Shares of Tata Consultancy Services (TCS), the country's largest software services firm rose around a percent in trade on Tuesday, in an otherwise weak market after the firm posted strong earnings for the March quarter of FY22 (Q4FY22).
The IT major reported a 7 percent rise in its consolidated net profit to ₹9,926 crore for the quarter under review versus a net profit of ₹9,246 crore in the year-ago period. Its consolidated revenue was up 16 percent to ₹50,591 crore in Q4FY22 from ₹43,705 crore a year ago. This was the first time the firm crossed the ₹50,000-crore revenue mark.
The stock rose as much as 0.7 percent to its day's high of ₹3,723.50 per share. In comparison, the Sensex was down around 0.6 percent at 58,614. Other IT stocks were also trading in the red despite the robust results. The Nifty IT index was down around a percent and all constituents, except TCS, were trading in the red. MindTree, L&T Tech, Coforge, and L&T Infotech were down over 2 percent each while Wipro, Infosys, Tech Mahindra, and Mphasis lost over a percent each.
Post the earnings, Rajesh Gopinathan, the chief executive and managing director said that the quarter witnessed the higher-ever incremental revenue addition of $3.533 billion and an all-time high order book of $11.3 billion, which for the full year stood at $34.6 billion. We have closed FY22 on a strong note, with mid-teen growth and adding the maximum incremental revenue ever, he added.
Most analysts remained bullish on the stock post its March quarter results on the back of a strong order book, however, they see the firm facing downside risks from the ongoing supply-side challenge. 44 analysts polled by MintGenie also have a ‘buy’ call on the stock. Let's take a look at what they have to say:
TCS reported decent revenue growth in Q4FY22 and was broadly in line with estimates. The brokerage believes the demand continues to be robust led by cloud migration and ancillary technologies. In addition, the company is seeing healthy deal wins and higher deal total contract value (TCV), it added.

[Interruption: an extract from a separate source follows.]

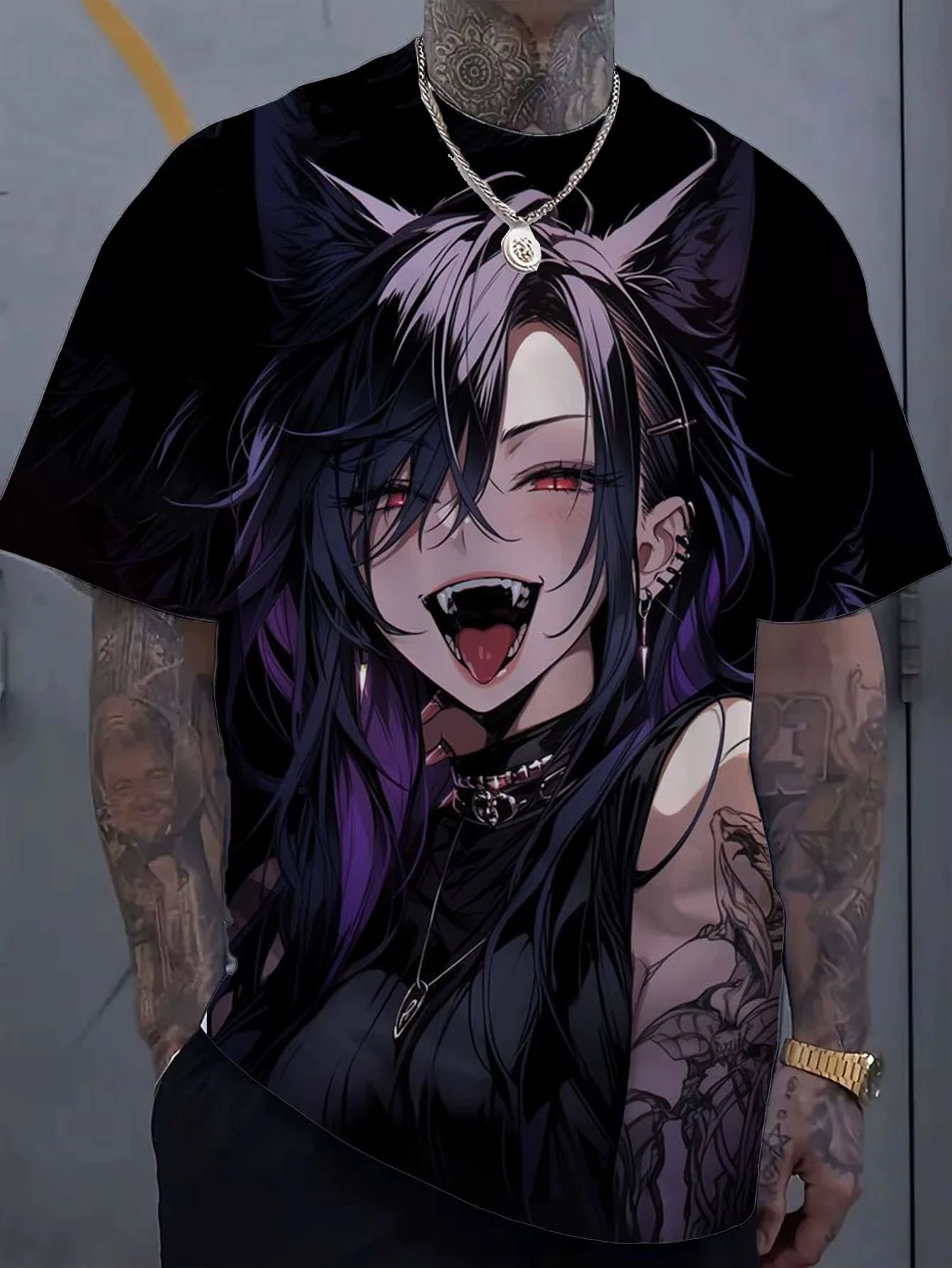 الكرتون مثير فتاة نمط ثلاثية الأبعاد مطبوعة تي شيرت رجالي المتضخم البلوز للرجال فتاة سيئة شخصية قميص قصير الأكمام تي شيرت #6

"However, geopolitical tensions in Europe prompt us to revise our revenue estimates downwards. We now expect a revenue CAGR of 10.8 percent over FY22-FY24. Further, in terms of margins, we expect supply-side challenges, wage hikes, and higher travel and facility costs to impact near-term margins (FY23E). Hence, we maintain a 'hold' rating on the stock with a revised target price of ₹4,035," stated the brokerage.
According to the brokerage, TCS’ performance highlight was its strong deal bookings of $11.3 billion, supported by mega-deals of $1.8 billion TCV, meanwhile, revenue and margin for Q4FY22 came in line with estimates. It added that medium-term drivers such as prioritization of tech budgets, strong execution framework and services breadth including industry platforms remain intact. It has a target price of ₹4,210 and an EPS CAGR of 12 percent over FY22-24E for the firm and maintains an 'add' call on TCS.
"While the management indicated a muted margin over the next few quarters, it is seeing an uptick in pricing (including COLA adjustments in existing contracts), which should help profitability recover by 2HFY23. Moreover, TCS should start seeing some benefit in overall cost in FY23 from its fresher intake of 100k in FY22. We expect the margin to continue to remain under pressure and below their long-term guided range of 26-28 percent," noted the brokerage. It has a 'buy' call on the stock with a target price of ₹4,240.
As per the brokerage, hiring and orderbook are strong but margin volatility is an overhang. It added that improved revenue visibility is a near-term comfort but trimmed its FY23 and FY24 EPS forecasts by 1.6 percent and 0.4 percent, respectively. It has a 'buy' call on the stock and raised its target price to ₹4,000 from ₹3,850 earlier.